Effets d’entraînement régionaux et panafricains
Au-delà de la frontière nord, plusieurs capitales scrutent l’expérience marocaine pour calibrer leurs propres stratégies. Les producteurs de cobalt d’Afrique centrale — République démocratique du Congo et Congo-Brazzaville en tête — voient dans Jorf Lasfar un débouché susceptible de diversifier leurs acheteurs et de stabiliser les cours. Pour Rabat, sécuriser des approvisionnements continentaux permettrait de réduire l’empreinte carbone du transport maritime, argument prisé par l’UE dans ses nouveaux règlements. À plus long terme, l’idée d’un corridor logistique reliant le port de Pointe-Noire aux terminaux atlantiques du Maroc fait son chemin dans les cénacles diplomatiques, ouvrant la voie à une intégration Sud-Sud autour des minerais stratégiques.

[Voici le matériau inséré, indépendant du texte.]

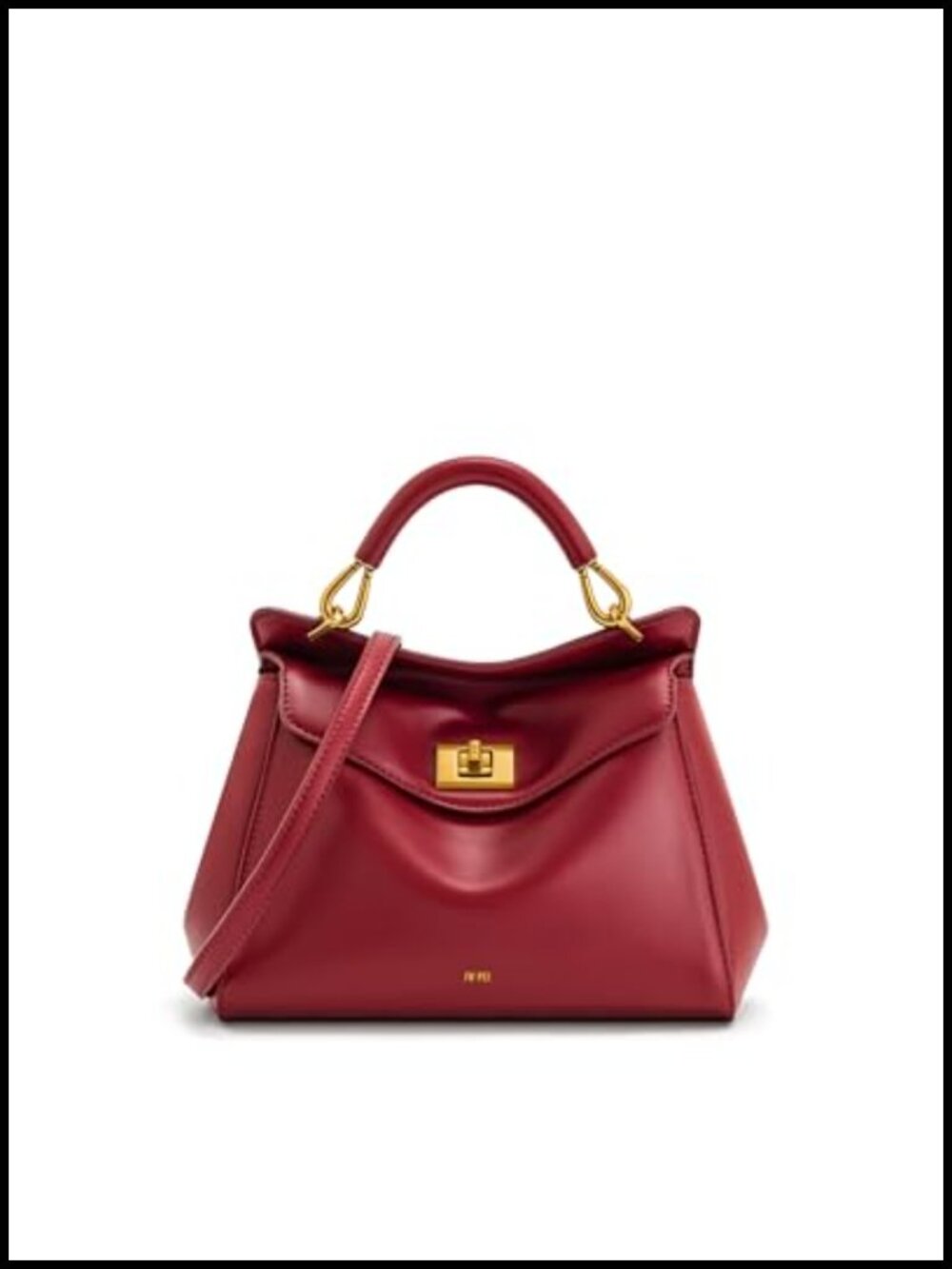 Vegan Leather Top-Handle Handbag with Gold Hardware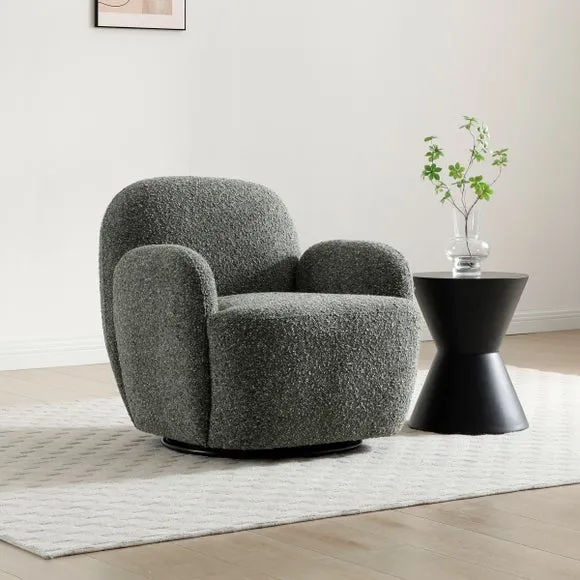 Ila Chunky Chenille Swivel Chair 1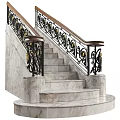 Elegant Staircase With Marble Steps Black Wrought Iron Railings Gold Decorations And Wooden Handrail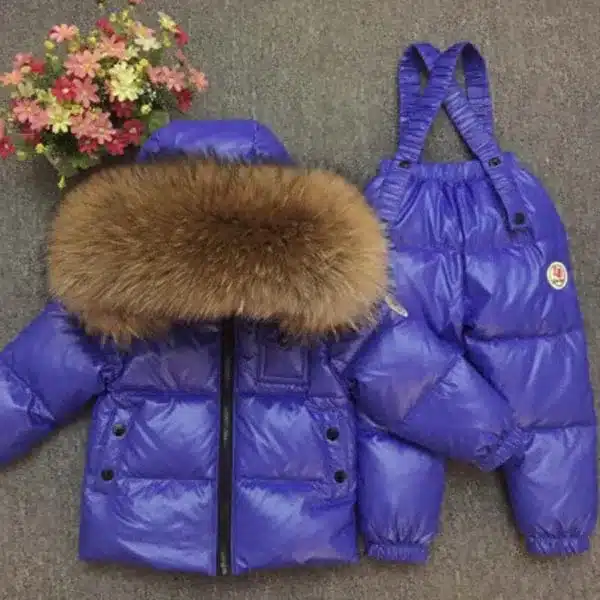 Children's Sets boy girl child's baby extra thick down jacket is full of animal hair collar ski suit top and trousers 29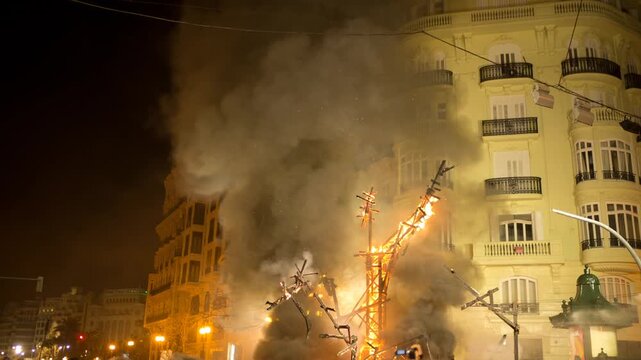 las fallas in valencia where the paper mache statues are burned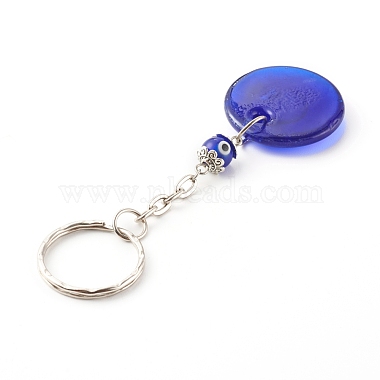 Flat Round with Evil Eye Lampwork Keychain(KEYC-JKC00249-01)-4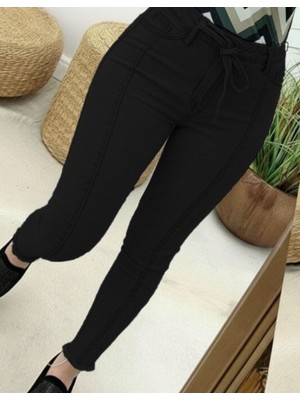 Stelol Kadın Yüksek Bel Belden Kuşaklı Yırtık Detaylı Kot Pantolon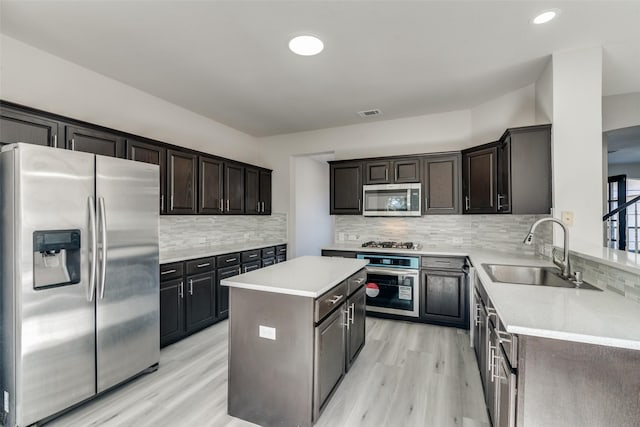 kitchen featuring sink, a center island, stainless steel appliances, backsplash, and light wood-type flooring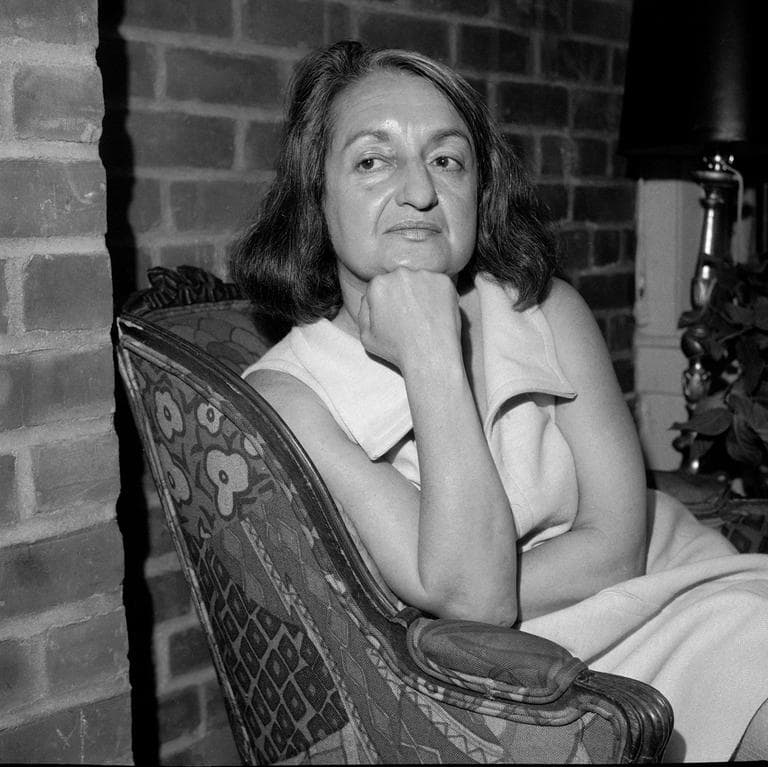 Betty Friedan, best known for her 1963 book "The Feminine Mystique," is pictured at a press interview at her New York apartment in 1970. (Anthony Camerano/AP)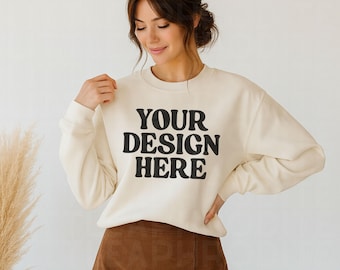 Gildan 18000 Mockup | Gildan Sand Sweatshirt Mockup | Sweatshirt Model Mockup | Gildan Sand | 18000 Sand | Gildan 18000 Sand Crewneck Mockup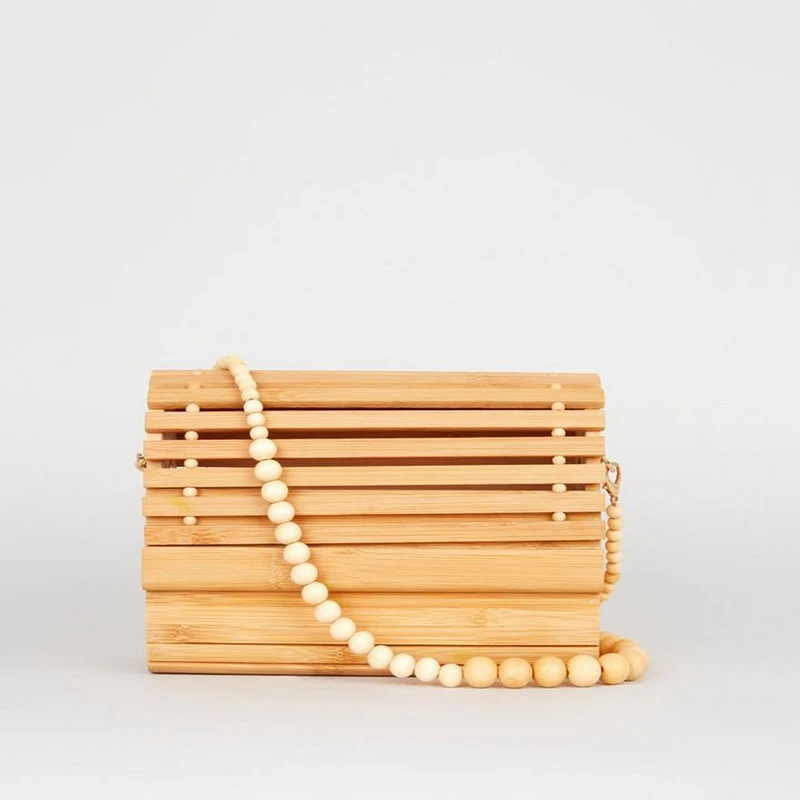 

COZMOZ women bamboo bag Europe fashion summer bags for women 2019 ladies female crossbody bead strap handle woven bags handbags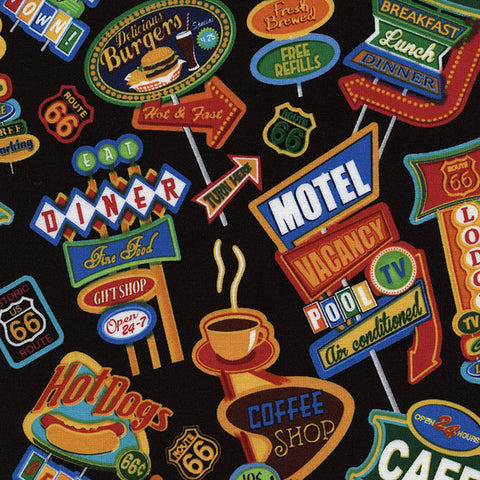 Road Signs on Black by Timeless Treasures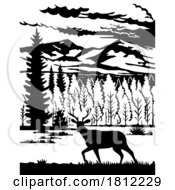 Poster, Art Print Of Mule Deer In Capitan Mountains In Lincoln County New Mexico Scherenschnitte Paper Cut Style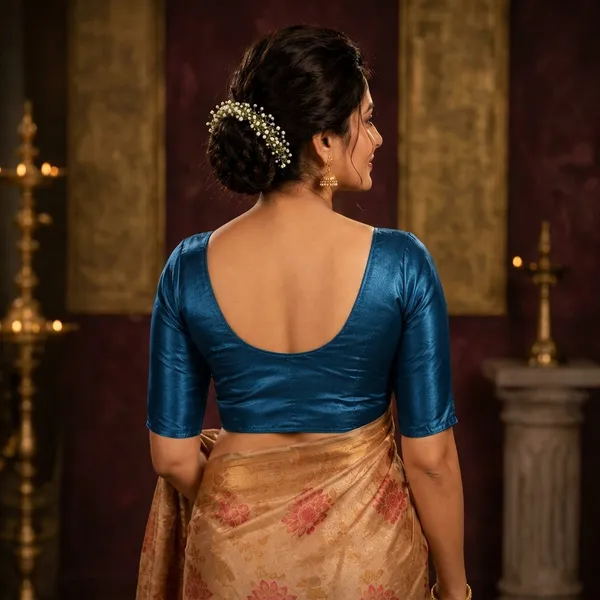 Blue_Silk_Round_Neck_Elbow_Sleeve_Saree_Blouse_For_Women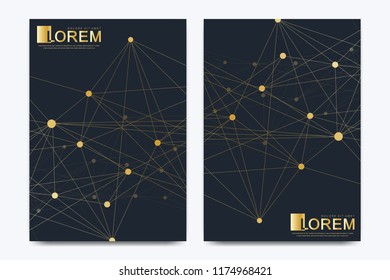 Modern vector template for brochure Leaflet flyer advert, cover, catalog, magazine or annual report. Business, science, medical design. Scientific cybernetic dots. Lines plexus. Card surface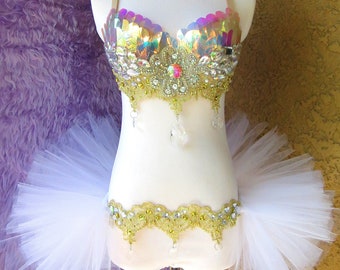 Iridescent Gold Rave Outfit: Bra & Tulle Bustle - Festival Costume
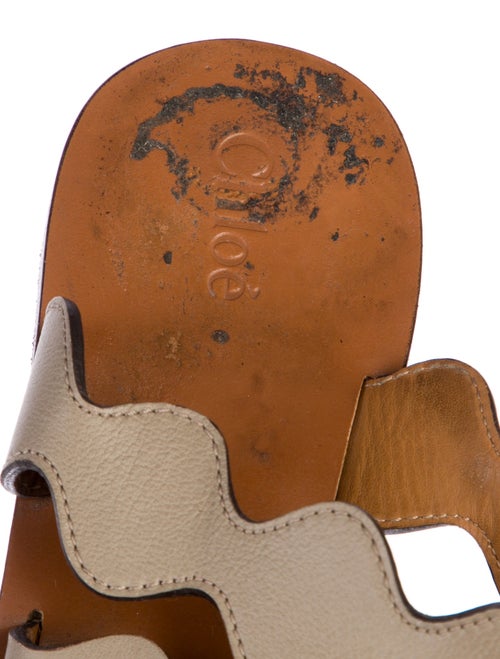 Chloé Leather Scalloped Accent Slides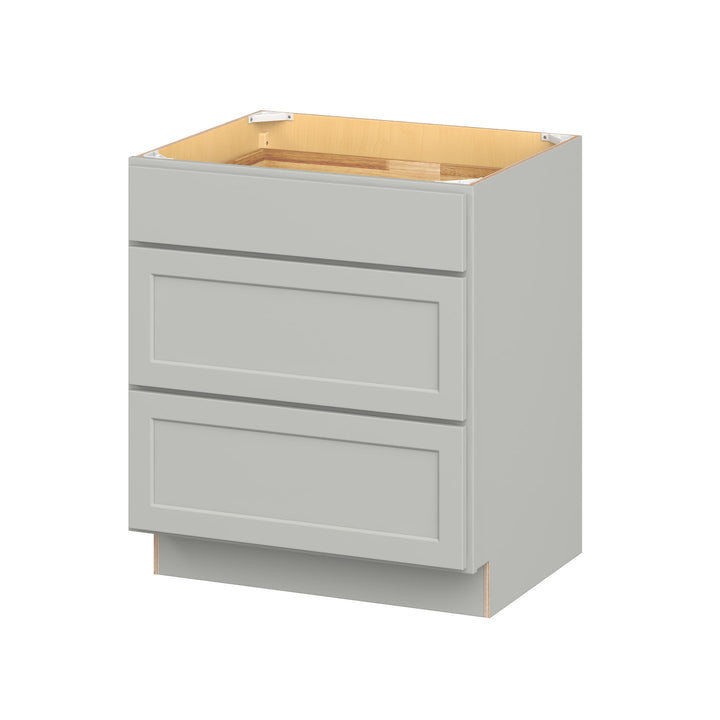 Hugo&Borg PRO Jasper 30-in W x 34.5-in H x 24-in D Whisper Gray 3-Drawer Base Ready To Assemble Plywood Cabinet (Flat Panel Style)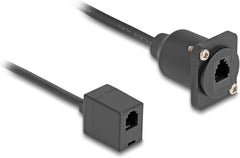 DeLOCK RJ10 Type D Bus naar Bus Verlengkabel - Zwart - 30 cm
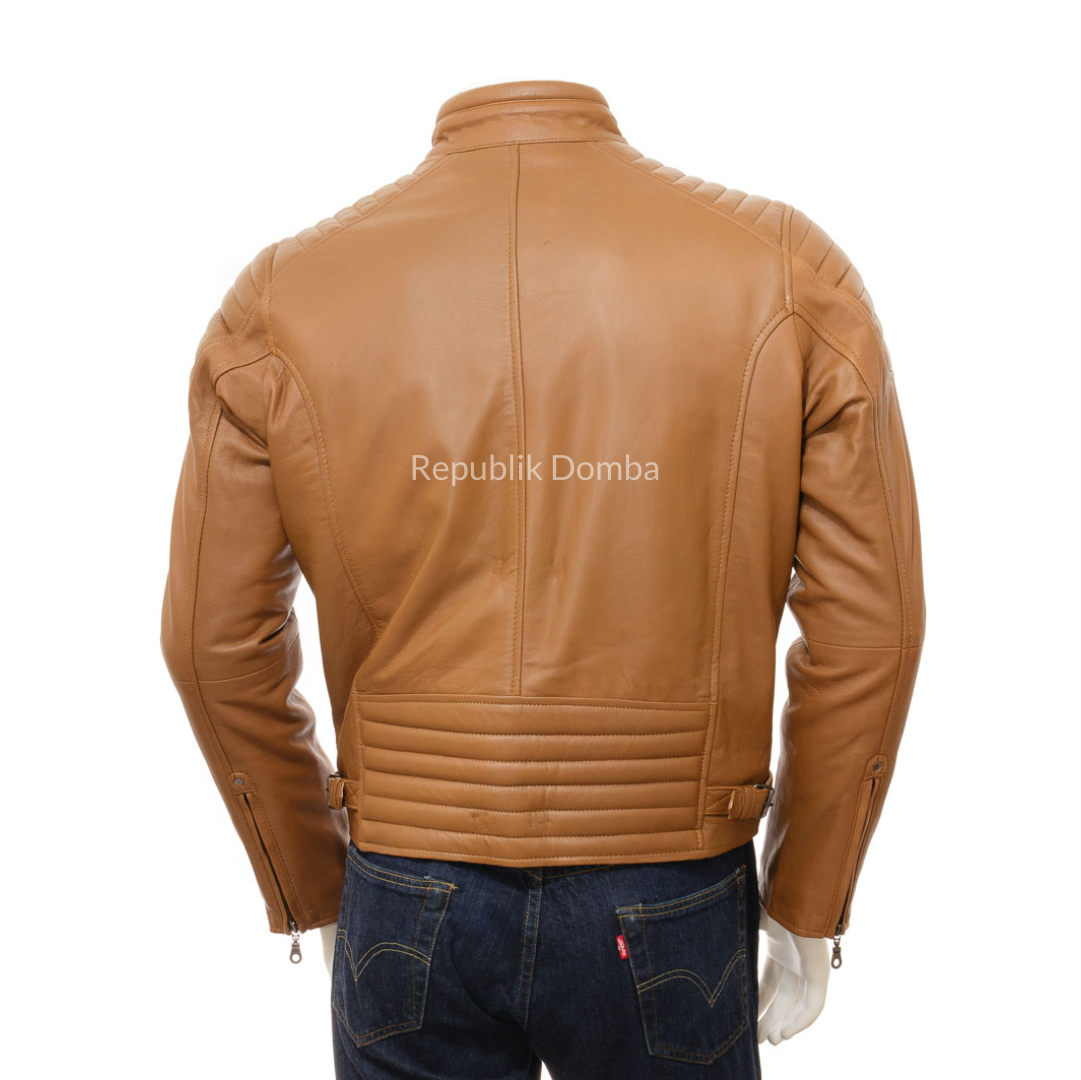 Jaket Kulit Domba Pria Biker Premium | PB 437 - Detail Hardware dan Jahitan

Perspectives : l’Afrique place ses pions dans la course mondiale
L’Agence internationale de l’énergie estime que la demande annuelle en batteries devrait être multipliée par cinq d’ici 2030. Dans ce contexte, le « made in Morocco » espère capter 10 % du marché européen et 3 % du marché mondial à horizon 2027, des projections jugées crédibles par des analystes de BloombergNEF. Le succès dépendra néanmoins de la fluidité des chaînes d’approvisionnement, de l’évolution des normes ESG et de la capacité à monter en puissance sans renchérir les coûts. En scellant des alliances industrielles solides tout en préservant son autonomie stratégique, le Maroc rappelle que l’Afrique n’entend plus se limiter au rôle de pourvoyeur de matières premières : elle revendique désormais une place à part entière dans le concert technologique planétaire.